If one were curious what a movie that was developed in committee ever looked like, here's Walking with Dinosaurs, which is part education tool, part cutesy and generic story about talking animals, and a complete mess of form. The movie is so piecemeal in its construction that one can see and hear exactly where the various revisions to the drafts of the screenplay were made.

It's very loosely based on the BBC miniseries of the same name, which inserted computer-generated dinosaurs and other prehistoric animals into footage of real landscapes and cleverly framed it as a nature documentary—as if somehow a camera crew traveled back in time to film these creatures—complete with a wise voice of authority telling us exactly how these beasts lived. The basic concept is in this movie, with some finely rendered dinosaurs and their fellow inhabitants of North America during the Late Cretaceous period wandering around and interacting with the wide plains and dense forests of Alaska.

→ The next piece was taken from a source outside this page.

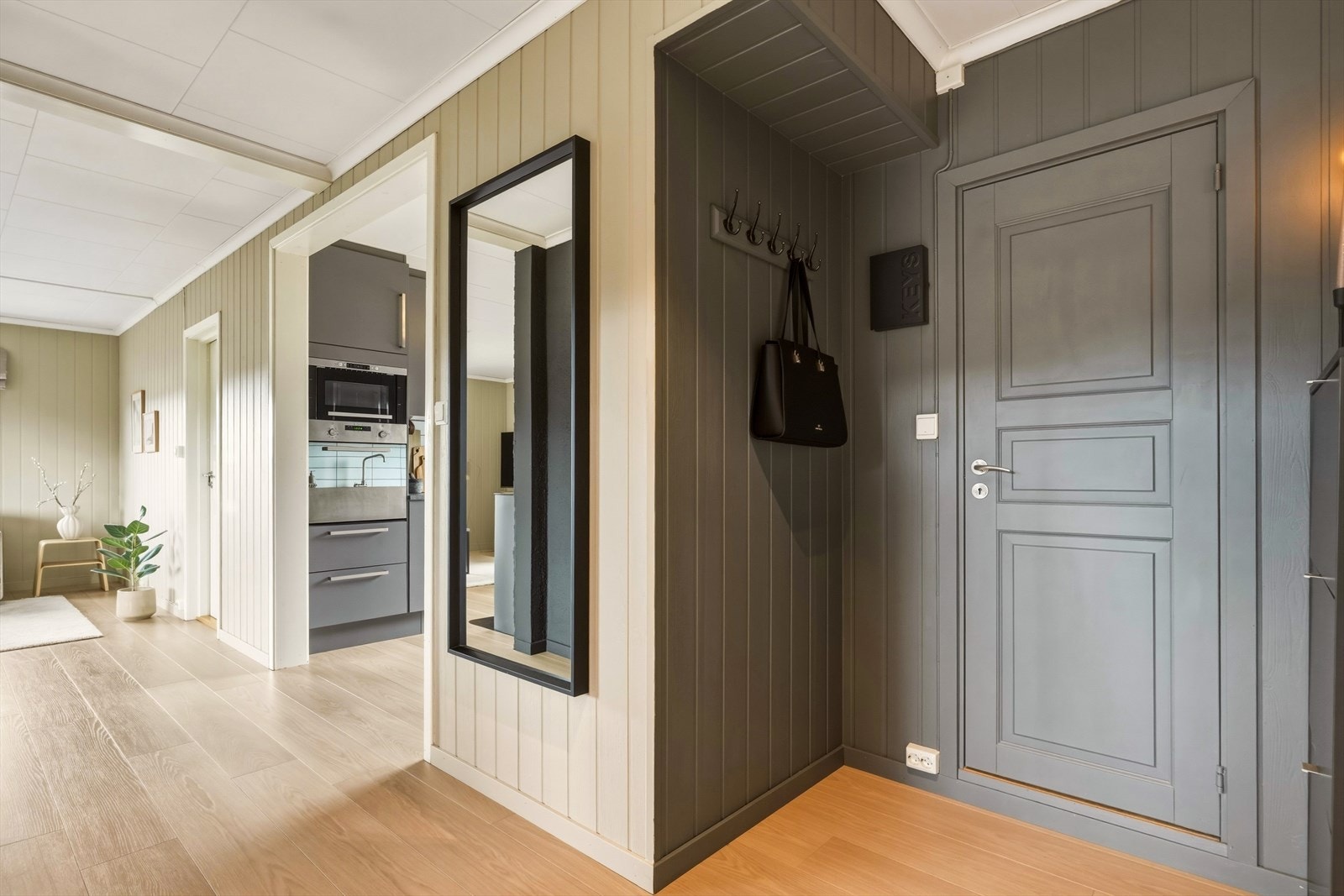 Velkommen inn! Moderne fargevalg og nyere pent gulv. Galleribilde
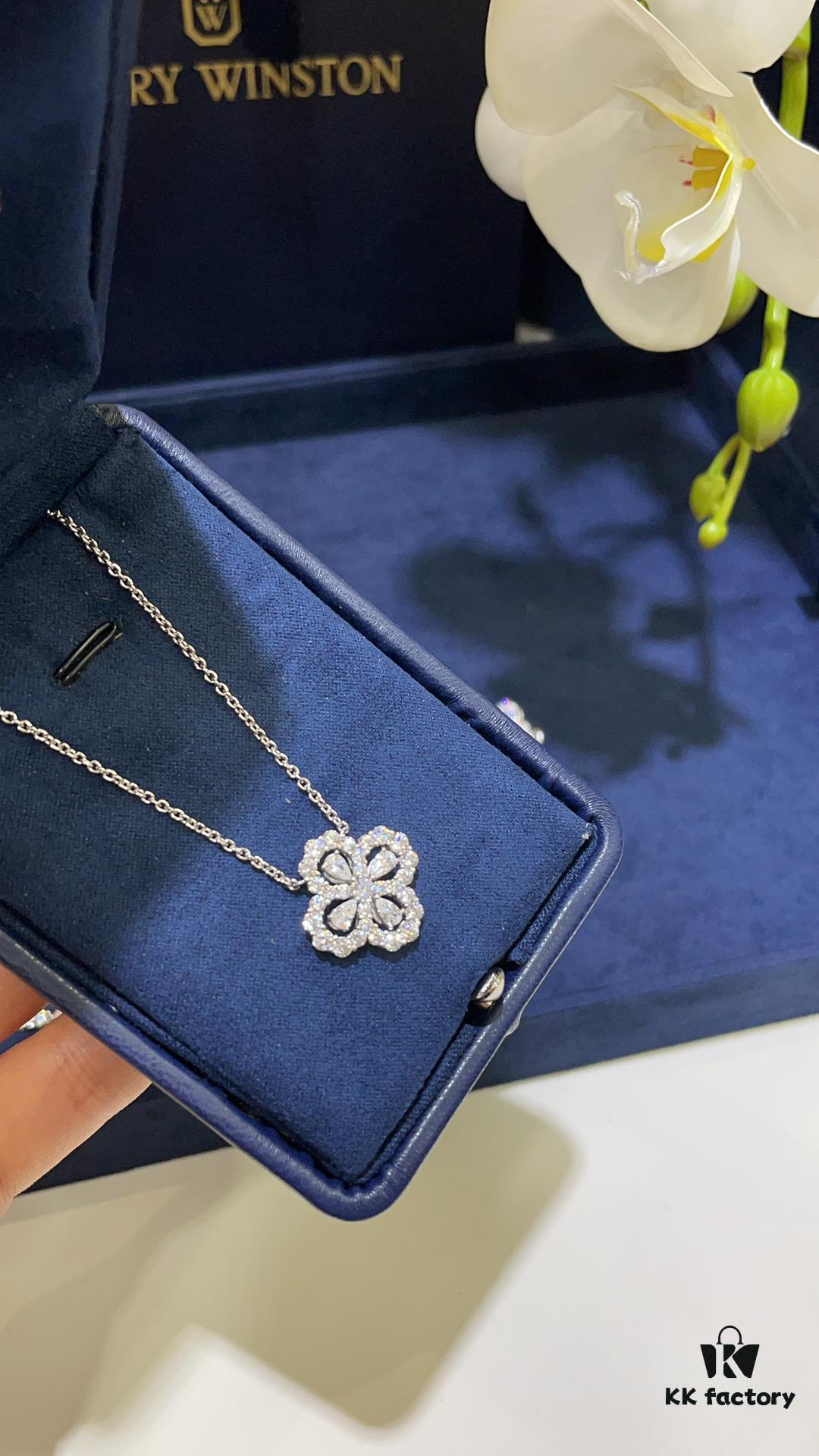 Harry Winston New Arrival Loop Luxury Four-Leaf Clover Sparkling Diamond Necklace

Even large chunks of the narration accompanying these images in John Collee's screenplay (spread throughout the credits are other writing duties, aiding the theory that the whole affair was patched together in stages) have the same flowery rhetoric of a serious-minded study of such things as migratory patterns, the scenic backdrops, and other behavioral observations. The change, though, is that the respectable voice has been switched out for a jokier one.

That alteration is the result of the movie's most curious conceit: The animals talk. It starts during the heavy-handed opening scene. Set in the modern day, a paleontologist (Karl Urban) is taking his fascinated niece (Angourie Rice) and skeptical nephew (Charlie Rowe), who doesn't see the big deal about dinosaurs, to a dig site in order to find the rest of the fossilized remains of a tooth he previously discovered. The nephew stays behind and meets a crow who morphs into an Alexornis named Alex (voice of John Leguizamo) that begins telling him the story of how that tooth came to be separated from the rest of its former owner.

The story centers on Patchi (voice of Justin Long), a Pachyrhinosaurus that's the runt of the litter and, after an adventure outside the nest as a baby, ends up with a hole in its bony frill. Pretty much every new development in these early stages undermines and eventually shatters any illusion that the movie has a sincere desire for teaching. From the introduction of dueling narrators (Patchi's voice cuts in to point out that this is his story in between Alex' constant jokes) to the oddity of hearing these animals talk in modern parlance (At least their mouths don't move to form the words they're speaking), the screenplay doesn't take its most obvious educational device—the narration—seriously. Once the baby Patchi winds up covered in the dung of a bigger dinosaur, it's pretty much a done deal.

The story itself is a broad one, following Patchi as he grows up (in a montage set to a pop song), falls in love with a Pachyrhinosaurus from another herd named Juniper (voice of Tiya Sircar), and winds up an orphan with his brother Scowler (voice of Skyler Stone) after a deadly encounter in a burning forest with a Gorgosaurus during the yearly migration south for the winter. There are a lot of obstacles and a fight between the brothers, and everything about these animals feels far too human for them to be any legitimate kind of learning experience.

As a narrative, it's clunky, especially because, on occasion, the movie freezes mid-action to tell us the long, sometimes difficult-to-pronounce names of these creatures and what those names mean. That little quirk, like the lumps of narration that are somewhat informative, seems to be a remnant of some early version of the screenplay that actually did care about these beasts for what they actually were instead of the awkward, romanticized anthropomorphism of the characters they turn out to be.

The movie looks quite good, and directors Barry Cook and Neil Nightingale, along with the visual effects artists, do a worthwhile job of blending the computer-generated creatures with the terrain. There's a sense of mass and texture to the dinosaurs that makes the illusion passable. That barely matters, though, when Walking with Dinosaurs lacks a distinct identity, and the battle between the movie's educational and story-time modes is arduous.